Zenith DTT901 DTV converter (replaces DTT900)

Sparks

DTVUSA Member
#1
The Zenith DTT901 digital to analog tuner or converter, is as far as I know the same as the DTT900 other than the 901 also has the analog pass through feature. Analog pass through will allow the viewer to see the low power repeater stations that are not going to change to digital. You can do that without having to flip any switches or change any wires to go from digital stations to analog stations and back. Analog pass through makes the installation much easier if you want both analog and digital capability, even if you do not need both you may later.

If you are considering your first DTV converter or if you have never used one, this means that all of the digital channels that come through your converter box would be viewed on your channel 3 or you can select channel 4 if that is your preference.
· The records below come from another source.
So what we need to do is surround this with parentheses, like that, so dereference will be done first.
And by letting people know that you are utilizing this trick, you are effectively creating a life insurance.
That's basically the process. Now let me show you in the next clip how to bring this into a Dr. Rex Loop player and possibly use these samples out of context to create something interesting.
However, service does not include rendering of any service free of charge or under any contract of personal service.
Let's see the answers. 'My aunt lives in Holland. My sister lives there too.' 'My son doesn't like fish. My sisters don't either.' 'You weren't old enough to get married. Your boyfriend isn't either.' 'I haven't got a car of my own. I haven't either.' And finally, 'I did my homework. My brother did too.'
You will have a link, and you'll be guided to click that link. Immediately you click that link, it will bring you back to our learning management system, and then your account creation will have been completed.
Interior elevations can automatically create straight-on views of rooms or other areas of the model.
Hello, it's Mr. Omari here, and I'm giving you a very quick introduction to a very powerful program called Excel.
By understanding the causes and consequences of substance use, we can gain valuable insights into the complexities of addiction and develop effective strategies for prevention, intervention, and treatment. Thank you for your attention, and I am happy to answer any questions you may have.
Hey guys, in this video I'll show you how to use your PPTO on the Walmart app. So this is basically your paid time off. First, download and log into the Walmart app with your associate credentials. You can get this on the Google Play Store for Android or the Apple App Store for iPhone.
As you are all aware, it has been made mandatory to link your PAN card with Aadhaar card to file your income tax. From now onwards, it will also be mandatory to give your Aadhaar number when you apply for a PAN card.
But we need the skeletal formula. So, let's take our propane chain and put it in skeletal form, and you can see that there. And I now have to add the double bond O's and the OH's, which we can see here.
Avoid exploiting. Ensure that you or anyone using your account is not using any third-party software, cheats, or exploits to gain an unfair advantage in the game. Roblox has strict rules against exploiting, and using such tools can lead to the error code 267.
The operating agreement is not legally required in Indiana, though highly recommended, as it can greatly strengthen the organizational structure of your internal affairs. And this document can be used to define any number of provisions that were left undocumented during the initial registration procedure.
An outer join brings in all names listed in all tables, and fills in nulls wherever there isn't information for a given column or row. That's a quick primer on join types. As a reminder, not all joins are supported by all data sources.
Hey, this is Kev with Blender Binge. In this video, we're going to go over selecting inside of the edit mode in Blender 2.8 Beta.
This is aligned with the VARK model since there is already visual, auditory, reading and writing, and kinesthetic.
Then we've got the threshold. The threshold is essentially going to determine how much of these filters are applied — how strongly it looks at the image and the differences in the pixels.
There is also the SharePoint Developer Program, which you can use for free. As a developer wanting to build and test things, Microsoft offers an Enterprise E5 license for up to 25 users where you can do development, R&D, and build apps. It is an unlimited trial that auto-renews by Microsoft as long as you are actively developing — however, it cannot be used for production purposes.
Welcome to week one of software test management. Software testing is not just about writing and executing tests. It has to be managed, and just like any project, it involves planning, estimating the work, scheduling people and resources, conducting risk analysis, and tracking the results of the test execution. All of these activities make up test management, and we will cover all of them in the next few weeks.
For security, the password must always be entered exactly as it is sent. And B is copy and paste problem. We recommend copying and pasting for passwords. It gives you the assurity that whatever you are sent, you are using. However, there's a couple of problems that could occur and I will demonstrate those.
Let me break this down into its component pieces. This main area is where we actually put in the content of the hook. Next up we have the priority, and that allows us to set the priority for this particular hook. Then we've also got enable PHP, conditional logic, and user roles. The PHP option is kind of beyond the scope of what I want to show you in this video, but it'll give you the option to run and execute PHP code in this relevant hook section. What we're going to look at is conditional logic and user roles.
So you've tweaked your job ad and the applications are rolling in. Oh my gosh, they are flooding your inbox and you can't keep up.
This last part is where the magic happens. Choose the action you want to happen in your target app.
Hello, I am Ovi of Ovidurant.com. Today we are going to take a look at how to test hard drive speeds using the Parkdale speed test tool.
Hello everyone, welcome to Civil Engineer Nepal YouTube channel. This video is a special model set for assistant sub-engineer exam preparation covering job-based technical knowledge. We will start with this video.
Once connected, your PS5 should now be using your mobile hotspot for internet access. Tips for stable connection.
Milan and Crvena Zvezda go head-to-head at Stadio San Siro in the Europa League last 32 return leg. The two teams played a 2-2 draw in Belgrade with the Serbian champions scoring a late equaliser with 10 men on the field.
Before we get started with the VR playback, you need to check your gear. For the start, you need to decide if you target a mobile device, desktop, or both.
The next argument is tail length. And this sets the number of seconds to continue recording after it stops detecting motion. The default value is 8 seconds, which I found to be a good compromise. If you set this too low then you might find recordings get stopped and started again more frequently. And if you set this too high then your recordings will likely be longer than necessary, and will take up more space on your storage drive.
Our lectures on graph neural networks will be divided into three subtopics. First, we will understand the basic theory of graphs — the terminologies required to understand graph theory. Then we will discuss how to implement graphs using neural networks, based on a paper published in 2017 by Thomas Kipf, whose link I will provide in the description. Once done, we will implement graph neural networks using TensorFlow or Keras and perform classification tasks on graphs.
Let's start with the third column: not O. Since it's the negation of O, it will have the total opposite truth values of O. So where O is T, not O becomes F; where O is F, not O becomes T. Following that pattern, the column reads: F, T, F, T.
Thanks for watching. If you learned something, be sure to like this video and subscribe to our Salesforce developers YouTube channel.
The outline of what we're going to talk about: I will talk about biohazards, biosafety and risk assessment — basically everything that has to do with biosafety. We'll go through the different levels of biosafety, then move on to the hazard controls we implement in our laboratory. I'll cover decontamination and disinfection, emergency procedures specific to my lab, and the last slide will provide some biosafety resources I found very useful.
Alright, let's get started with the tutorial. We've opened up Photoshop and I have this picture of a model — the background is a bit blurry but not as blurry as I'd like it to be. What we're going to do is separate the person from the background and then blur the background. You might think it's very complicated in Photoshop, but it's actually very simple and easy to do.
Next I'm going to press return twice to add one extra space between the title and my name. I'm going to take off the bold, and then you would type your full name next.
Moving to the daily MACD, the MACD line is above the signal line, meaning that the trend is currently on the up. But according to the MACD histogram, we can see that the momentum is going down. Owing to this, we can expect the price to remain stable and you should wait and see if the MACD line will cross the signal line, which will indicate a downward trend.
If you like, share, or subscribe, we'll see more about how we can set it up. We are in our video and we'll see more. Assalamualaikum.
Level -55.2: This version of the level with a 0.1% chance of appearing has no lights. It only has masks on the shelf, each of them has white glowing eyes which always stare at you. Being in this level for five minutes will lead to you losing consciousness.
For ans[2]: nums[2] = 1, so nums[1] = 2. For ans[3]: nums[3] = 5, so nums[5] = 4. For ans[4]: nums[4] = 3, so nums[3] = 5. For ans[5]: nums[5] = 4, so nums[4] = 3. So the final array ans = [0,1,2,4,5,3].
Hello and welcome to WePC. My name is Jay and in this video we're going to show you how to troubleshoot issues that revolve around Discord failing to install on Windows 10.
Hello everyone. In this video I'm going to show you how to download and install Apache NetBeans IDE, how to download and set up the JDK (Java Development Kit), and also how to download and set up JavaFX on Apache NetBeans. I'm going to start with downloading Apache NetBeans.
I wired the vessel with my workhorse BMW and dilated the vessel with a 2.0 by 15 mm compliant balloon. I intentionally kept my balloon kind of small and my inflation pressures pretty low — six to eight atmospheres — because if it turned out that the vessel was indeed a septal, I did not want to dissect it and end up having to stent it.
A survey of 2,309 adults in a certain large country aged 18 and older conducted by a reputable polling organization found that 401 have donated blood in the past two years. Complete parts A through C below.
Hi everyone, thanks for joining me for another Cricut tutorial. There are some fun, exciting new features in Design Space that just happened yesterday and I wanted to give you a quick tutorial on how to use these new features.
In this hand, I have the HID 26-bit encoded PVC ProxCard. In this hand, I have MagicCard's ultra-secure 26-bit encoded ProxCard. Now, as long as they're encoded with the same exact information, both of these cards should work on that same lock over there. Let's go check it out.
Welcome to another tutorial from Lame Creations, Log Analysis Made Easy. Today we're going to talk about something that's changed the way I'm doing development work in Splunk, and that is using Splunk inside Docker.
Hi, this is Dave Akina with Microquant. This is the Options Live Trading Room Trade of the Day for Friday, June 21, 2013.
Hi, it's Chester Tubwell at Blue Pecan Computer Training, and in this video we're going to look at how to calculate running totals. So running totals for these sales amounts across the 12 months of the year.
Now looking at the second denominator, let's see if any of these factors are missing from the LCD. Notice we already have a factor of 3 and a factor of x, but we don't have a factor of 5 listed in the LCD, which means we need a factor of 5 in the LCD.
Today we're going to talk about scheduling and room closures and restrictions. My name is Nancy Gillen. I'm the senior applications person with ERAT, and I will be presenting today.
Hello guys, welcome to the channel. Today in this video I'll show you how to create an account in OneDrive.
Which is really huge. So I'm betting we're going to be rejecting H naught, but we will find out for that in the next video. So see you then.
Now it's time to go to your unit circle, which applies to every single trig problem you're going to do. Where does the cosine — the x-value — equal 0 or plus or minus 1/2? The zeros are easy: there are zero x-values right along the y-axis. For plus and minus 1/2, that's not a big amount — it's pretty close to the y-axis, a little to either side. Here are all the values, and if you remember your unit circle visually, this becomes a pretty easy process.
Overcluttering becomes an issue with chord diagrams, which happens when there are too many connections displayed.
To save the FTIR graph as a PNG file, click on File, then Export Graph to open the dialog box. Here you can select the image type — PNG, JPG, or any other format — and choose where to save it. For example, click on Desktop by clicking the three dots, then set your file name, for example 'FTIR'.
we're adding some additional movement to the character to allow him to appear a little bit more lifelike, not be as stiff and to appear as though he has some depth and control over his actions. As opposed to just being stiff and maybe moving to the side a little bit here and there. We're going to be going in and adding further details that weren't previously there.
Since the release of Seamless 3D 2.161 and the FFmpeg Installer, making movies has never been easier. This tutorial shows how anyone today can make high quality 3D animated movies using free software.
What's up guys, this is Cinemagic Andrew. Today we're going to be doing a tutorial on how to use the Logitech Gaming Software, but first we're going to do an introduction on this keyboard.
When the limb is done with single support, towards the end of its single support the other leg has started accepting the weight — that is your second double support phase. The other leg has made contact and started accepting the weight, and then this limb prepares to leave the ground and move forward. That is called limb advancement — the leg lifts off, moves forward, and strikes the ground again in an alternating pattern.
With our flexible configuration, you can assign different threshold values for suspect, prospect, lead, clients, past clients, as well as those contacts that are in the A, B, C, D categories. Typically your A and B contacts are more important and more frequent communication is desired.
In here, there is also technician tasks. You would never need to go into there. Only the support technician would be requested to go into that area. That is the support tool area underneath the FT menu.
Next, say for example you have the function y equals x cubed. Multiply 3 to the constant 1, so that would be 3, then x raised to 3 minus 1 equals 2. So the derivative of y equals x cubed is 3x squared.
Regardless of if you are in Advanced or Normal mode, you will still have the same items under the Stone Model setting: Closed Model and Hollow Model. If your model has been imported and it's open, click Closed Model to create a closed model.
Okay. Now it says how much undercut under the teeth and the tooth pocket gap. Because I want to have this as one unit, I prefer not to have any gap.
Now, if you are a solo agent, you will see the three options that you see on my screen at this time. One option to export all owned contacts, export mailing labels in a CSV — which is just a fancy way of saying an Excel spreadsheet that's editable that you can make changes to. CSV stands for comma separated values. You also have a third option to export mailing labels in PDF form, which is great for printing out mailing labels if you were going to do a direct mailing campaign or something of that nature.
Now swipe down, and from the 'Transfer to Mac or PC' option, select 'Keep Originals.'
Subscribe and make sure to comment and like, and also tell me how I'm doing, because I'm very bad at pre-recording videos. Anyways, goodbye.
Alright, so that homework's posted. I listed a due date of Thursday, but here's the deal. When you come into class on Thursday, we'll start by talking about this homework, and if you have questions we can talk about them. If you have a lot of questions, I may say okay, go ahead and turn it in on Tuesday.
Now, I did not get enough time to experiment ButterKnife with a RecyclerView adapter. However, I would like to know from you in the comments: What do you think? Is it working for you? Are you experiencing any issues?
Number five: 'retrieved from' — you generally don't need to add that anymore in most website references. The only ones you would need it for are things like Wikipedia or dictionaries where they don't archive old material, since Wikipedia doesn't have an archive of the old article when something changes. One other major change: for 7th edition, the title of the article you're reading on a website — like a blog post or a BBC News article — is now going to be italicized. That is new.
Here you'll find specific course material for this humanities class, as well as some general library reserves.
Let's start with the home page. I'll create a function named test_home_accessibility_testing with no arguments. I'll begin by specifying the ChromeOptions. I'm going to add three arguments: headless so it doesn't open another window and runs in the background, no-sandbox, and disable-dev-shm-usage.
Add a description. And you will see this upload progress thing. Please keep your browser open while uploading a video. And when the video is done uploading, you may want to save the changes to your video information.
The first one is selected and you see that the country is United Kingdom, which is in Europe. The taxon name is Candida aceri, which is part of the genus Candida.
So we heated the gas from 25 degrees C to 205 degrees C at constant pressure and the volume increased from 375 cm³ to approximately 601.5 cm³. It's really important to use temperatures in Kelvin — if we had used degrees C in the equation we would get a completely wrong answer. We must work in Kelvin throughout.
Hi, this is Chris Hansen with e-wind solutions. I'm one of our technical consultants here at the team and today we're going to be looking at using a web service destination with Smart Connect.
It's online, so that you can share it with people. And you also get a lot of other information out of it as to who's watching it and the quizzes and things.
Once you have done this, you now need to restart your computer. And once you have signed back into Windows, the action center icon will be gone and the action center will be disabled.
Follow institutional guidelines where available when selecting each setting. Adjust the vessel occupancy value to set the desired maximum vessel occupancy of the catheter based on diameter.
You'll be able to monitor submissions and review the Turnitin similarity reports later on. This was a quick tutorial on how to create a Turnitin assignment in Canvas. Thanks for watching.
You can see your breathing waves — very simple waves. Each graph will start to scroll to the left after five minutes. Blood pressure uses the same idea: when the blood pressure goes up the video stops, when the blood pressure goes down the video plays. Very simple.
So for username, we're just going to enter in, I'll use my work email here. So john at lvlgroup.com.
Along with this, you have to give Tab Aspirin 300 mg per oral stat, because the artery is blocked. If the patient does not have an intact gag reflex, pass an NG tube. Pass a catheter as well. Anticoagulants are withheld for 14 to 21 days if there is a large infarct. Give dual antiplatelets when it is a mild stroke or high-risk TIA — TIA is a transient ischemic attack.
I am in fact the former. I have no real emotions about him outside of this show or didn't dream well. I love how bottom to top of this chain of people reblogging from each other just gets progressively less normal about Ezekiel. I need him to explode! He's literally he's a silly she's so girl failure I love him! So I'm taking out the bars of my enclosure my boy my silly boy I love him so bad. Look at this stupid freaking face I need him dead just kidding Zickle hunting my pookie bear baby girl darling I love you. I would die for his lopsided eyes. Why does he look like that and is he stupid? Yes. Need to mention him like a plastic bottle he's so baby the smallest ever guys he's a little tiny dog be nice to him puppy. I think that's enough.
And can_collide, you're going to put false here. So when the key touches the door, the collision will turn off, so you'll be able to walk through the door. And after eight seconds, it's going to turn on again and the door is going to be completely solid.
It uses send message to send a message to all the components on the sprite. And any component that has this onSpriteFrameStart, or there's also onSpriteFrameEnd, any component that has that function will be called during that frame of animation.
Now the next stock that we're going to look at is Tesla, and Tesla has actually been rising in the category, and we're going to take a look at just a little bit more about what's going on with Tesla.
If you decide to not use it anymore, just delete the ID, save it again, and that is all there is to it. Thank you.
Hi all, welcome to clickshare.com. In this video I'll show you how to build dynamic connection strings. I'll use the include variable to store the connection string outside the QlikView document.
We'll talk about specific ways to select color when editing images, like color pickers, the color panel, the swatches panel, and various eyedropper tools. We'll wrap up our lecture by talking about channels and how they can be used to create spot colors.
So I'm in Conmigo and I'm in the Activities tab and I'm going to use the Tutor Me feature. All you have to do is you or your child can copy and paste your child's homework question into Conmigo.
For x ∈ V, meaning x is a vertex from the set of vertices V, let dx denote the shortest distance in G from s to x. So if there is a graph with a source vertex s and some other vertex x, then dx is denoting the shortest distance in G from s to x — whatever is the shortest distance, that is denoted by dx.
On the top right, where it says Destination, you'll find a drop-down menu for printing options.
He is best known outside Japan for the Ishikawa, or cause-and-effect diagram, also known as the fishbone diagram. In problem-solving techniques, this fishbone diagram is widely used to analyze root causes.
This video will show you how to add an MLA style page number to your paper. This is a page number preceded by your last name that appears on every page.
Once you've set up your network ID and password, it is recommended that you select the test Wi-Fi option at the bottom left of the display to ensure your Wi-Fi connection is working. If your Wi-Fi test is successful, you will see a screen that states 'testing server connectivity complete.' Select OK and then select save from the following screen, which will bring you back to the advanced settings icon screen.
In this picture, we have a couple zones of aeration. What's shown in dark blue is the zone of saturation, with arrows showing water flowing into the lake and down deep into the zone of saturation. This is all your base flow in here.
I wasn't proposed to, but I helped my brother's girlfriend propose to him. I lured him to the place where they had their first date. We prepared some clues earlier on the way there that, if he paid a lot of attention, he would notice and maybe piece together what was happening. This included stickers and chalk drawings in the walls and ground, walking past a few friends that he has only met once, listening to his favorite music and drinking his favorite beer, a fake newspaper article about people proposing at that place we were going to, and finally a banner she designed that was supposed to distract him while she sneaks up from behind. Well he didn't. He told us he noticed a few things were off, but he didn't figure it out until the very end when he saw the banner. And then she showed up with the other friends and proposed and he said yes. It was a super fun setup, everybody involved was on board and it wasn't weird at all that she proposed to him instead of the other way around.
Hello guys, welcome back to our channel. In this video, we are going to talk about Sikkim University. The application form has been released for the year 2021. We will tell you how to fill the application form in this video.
When you turn off the converter box that has the “Analog Pass Through” feature, you can now view your analog channels as you always have with the analog tuner that is built into the TV set. As you probably already know; when most of the analog channels are turned off in February 09. There will still be some low power TV stations that will continue to transmit on the analog channels as always in some areas.

This Zenith brand name box that is marketed by LG Electronics is the one that is my personal preference of all of the DTV boxes that I have installed or used. It is easy to hook up and very simple to get through the initial channel scan and begin watching digital TV. It also has the “EZ Add” feature that makes it easy to add additional channels without losing the channels that you already have it set to receive. It comes with a 22 page booklet of installation and operating instructions. The Zenith box has a toll free phone number on the top of the converter box itself and on the front of the operating instructions, for assistance with connection or operation of the box.

The DTT901 has all of the typical features such as closed captioning, parental controls and ratings with a feature for operator generated password protection so that you can lock out certain channels or whatever. The 901 is energy star rated. It includes the feature to turn itself off after a preset period of time. It can also be set to stay on until it is manually turned off. The front of the converter box has an on/off indicator light and switch. It also has the channel selection switches on the front. It is possible to turn it on and change channels if the remote control is damaged or misplaced. The rear of the box is ready for connection with antenna wire connection. It also has the RCA type audio and video connections on the back of the box. The RCA type connector wire is also included. It has the Electronic Program Guide (EPG) feature for the channel that you are viewing at the time. It will give ratings, program name and description of the program that you are watching and the next upcoming program on the channel that is being viewed. The EPG will only function if the station that you are viewing transmits that information.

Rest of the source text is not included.